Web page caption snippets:
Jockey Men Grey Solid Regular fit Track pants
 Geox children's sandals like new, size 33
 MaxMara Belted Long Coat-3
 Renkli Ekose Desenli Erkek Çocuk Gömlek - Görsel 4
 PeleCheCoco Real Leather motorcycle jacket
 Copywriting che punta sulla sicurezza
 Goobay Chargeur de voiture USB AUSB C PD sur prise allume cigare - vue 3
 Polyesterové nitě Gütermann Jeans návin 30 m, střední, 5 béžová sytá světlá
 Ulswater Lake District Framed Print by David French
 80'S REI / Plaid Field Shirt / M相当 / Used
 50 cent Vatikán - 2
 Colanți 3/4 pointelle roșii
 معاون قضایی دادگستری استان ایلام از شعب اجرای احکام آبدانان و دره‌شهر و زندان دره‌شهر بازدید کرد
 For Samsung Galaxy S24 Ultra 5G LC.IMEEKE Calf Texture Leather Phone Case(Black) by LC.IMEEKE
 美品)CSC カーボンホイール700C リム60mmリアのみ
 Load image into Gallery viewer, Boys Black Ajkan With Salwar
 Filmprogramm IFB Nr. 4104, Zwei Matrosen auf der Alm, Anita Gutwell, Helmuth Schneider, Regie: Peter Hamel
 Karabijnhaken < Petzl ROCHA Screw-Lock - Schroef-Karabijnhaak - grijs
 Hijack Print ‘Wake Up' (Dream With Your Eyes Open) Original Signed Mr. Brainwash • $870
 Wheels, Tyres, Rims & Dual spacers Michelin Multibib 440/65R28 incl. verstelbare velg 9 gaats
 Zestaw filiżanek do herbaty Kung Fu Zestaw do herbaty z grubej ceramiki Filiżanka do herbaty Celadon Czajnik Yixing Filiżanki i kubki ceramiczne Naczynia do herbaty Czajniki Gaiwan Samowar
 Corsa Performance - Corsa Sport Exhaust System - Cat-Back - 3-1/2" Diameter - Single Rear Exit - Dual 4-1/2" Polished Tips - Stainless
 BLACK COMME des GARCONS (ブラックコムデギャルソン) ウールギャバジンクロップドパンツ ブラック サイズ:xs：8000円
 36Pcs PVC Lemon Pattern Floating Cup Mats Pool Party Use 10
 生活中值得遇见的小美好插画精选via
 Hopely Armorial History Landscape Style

**What you need to do**
Extract every line from the records above that contains the word "Print".

**Solution to this problem**
 Ulswater Lake District Framed Print by David French
 Hijack Print ‘Wake Up' (Dream With Your Eyes Open) Original Signed Mr. Brainwash • $870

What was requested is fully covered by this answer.